### Assignment
Beneath this line are the data; copy exactly the part of them that opens with the line containing "REYFC125X2938, Reynolds® Fluted" and closes with the line containing "Tesco leták na", and only that part.

### Excerpted records
***

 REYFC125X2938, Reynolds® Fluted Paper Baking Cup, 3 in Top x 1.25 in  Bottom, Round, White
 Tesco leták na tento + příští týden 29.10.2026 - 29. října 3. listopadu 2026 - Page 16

***

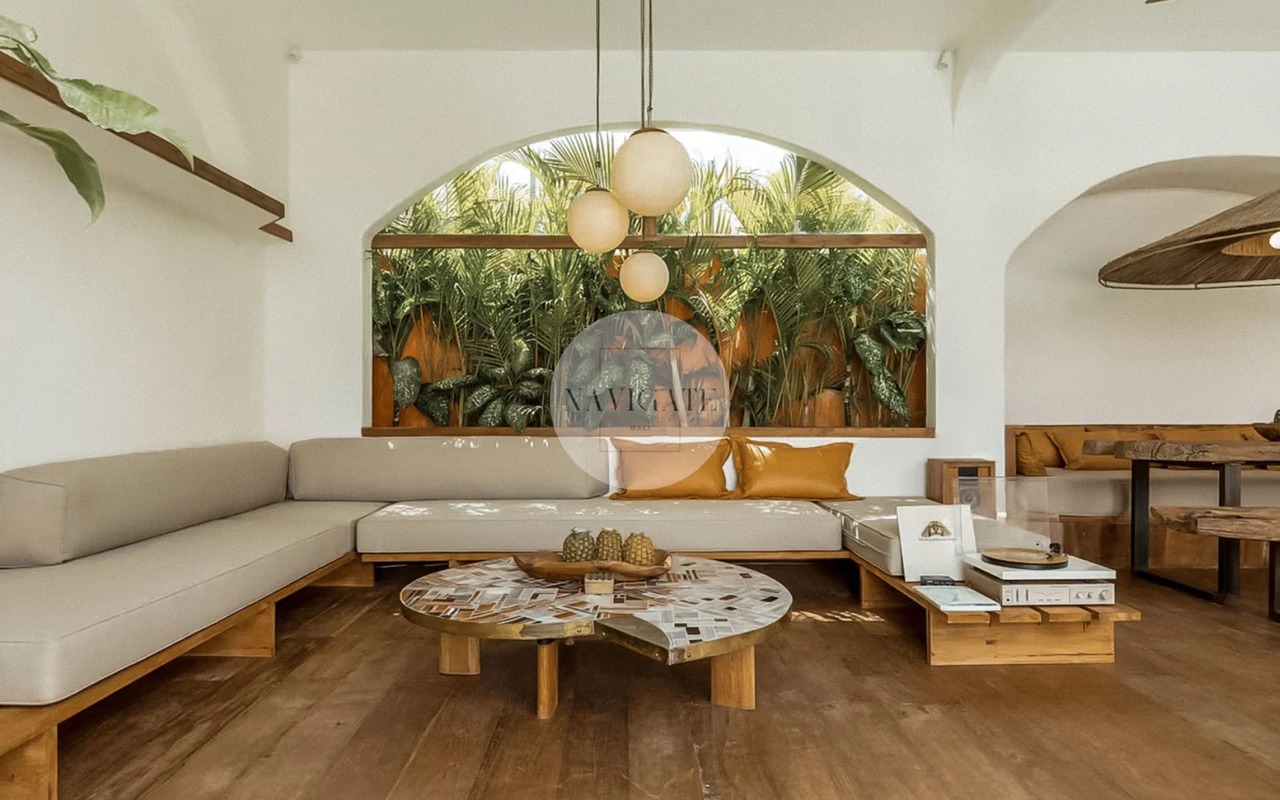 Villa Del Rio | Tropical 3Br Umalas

***

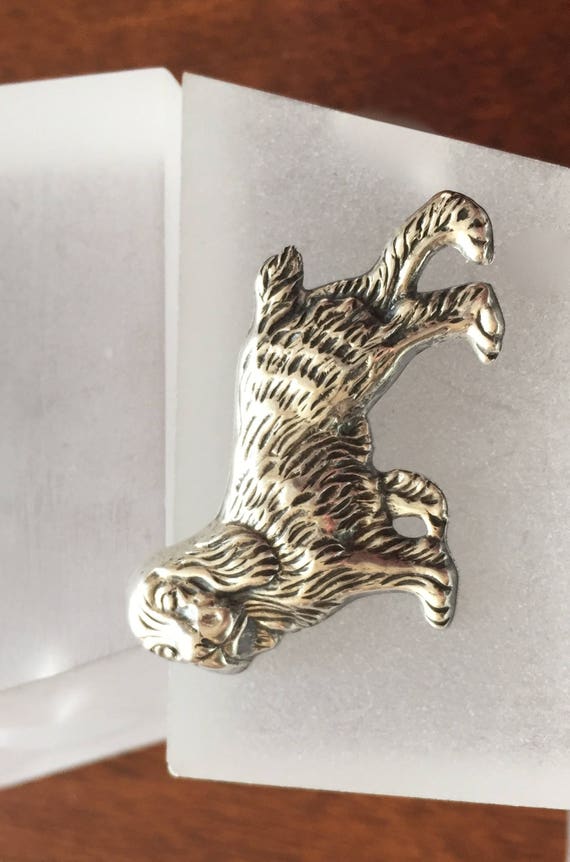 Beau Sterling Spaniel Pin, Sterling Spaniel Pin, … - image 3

***

### Solution for this exercise
 REYFC125X2938, Reynolds® Fluted Paper Baking Cup, 3 in Top x 1.25 in  Bottom, Round, White
 Tesco leták na tento + příští týden 29.10.2026 - 29. října 3. listopadu 2026 - Page 16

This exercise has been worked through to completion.